Format Required Extension
FASTA .fasta
Gzip'd FASTA .fasta.gz
RAPPPID PPI Dataset .h5
CSV .csv

The CSV format must contain two columns, with the headers "accession" and "sequence", which must contain a protein ID (usually UniProt accession) and the amino acid sequence, respectively. Ultimately, it should look something like:

accession,sequence
P05067,MLPGLALLLLAAWTARALEVPTDGNAGLLAEPQIAMFCGR...
Q29537,MEESQSELNIDPPLSQETFSELWNLLPENNVLSSELCPAV...

Tip

To encode the sequences from the PPI dataset used in the manuscript, just point this to ../../data/ppi/rapppid_[common_string_9606.protein.links.detailed.v12.0_upkb.csv]_Mz70T9t-4Y-i6jWD9sEtcjOr0X8=.h5.

MAX_BATCH_SIZE

The size of the batches of sequences to embed at a time.
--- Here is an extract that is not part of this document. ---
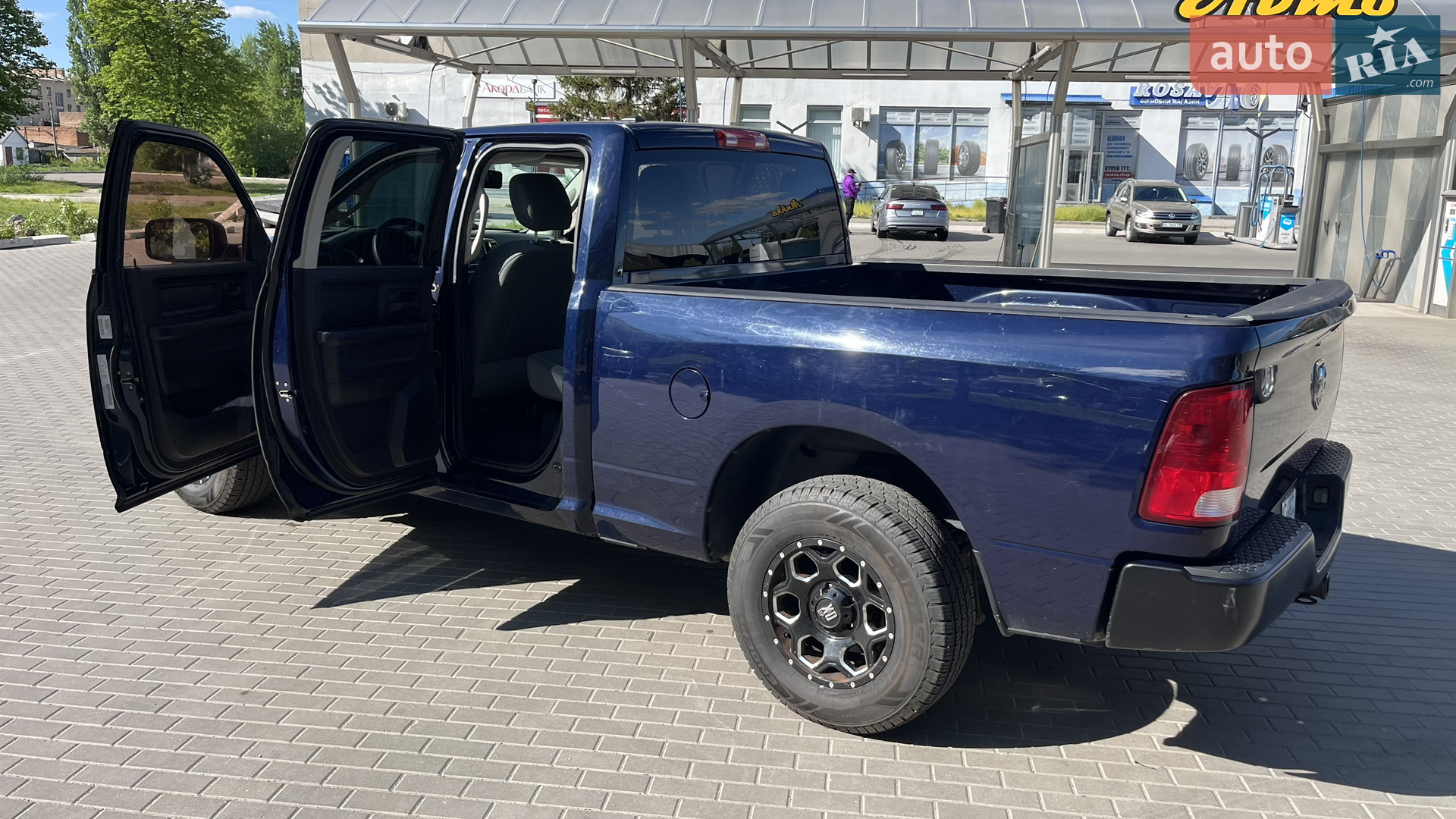 2016 Dodge RAM - мініатюра 16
This will increase RAM/VRAM usage.

DEVICE

Either "cpu" or "cuda" depending on whether sequences are to be embedded on the CPU or using a GPU. Defaults to "cpu".

OUTPUT

Path to save the embeddings database to. The default paths change with the pLMs you specify:

pLM Path
SqueezeProt-SP (Non-strict) ../../data/embeddings/squeezeprot_sp_nonstrict.lmdb
SqueezeProt-SP (Strict) ../../data/embeddings/squeezeprot_sp_strict.lmdb
SqueezeProt-U50 ../../data/embeddings/squeezeprot_u50.lmdb
ProtBERT ../../data/embeddings/prottrans_bert.lmdb
ProtT5 ../../data/embeddings/prottrans_t5.lmdb
ProteinBERT ../../data/embeddings/proteinbert.lmdb
ProSE ../../data/embeddings/prose.lmdb
ESM ../../data/embeddings/esm.lmdb
RAPPPID ../../data/embeddings/rapppid.lmdb

Requirements

Because some models have conflicting dependencies, we need to create different environments for different models. You will then need to activate/deactivate those environments when running embed_batch.py depending on the model you are using.

RAPPPID

RAPPPID works well with Python 3.8, and the dependencies are in the file requirements_rapppid.txt.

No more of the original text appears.